START Supplied material
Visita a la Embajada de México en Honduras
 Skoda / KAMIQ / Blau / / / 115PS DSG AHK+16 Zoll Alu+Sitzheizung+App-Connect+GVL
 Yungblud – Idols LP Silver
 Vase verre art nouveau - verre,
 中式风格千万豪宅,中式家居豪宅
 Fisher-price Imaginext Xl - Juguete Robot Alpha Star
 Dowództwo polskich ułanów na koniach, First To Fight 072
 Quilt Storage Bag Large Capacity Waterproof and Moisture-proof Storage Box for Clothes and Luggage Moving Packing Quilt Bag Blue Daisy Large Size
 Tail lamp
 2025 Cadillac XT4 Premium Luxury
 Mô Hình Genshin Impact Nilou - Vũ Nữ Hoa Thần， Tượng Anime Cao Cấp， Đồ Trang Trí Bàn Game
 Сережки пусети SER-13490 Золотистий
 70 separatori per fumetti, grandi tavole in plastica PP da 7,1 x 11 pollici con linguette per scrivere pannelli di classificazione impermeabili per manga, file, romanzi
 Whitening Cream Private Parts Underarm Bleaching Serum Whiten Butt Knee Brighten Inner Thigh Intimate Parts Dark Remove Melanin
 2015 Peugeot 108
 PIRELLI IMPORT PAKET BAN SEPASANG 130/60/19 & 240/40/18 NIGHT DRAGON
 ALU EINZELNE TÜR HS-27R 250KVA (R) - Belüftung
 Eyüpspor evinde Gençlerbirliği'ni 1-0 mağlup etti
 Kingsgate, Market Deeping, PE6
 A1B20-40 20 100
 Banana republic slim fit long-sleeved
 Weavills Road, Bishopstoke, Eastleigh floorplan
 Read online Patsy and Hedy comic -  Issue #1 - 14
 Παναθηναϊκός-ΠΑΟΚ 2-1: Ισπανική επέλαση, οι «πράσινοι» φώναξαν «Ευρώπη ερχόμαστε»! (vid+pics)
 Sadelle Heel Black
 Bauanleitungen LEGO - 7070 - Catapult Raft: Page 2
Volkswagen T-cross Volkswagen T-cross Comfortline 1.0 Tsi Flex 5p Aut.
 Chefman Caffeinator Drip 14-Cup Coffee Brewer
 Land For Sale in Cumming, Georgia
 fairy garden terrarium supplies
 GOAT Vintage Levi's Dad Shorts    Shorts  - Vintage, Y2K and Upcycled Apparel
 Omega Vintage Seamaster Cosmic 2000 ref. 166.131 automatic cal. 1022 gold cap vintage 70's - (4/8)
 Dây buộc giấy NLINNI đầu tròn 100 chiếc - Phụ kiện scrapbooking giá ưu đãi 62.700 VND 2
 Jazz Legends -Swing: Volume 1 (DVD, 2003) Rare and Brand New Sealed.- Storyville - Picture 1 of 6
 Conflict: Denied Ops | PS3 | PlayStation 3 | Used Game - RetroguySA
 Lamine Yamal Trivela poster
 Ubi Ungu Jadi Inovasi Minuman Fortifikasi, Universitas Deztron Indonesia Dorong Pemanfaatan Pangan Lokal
END Supplied material
Exercise
Your reply should be one number: how many lines in the records contain "Vintage".

Completed exercise
2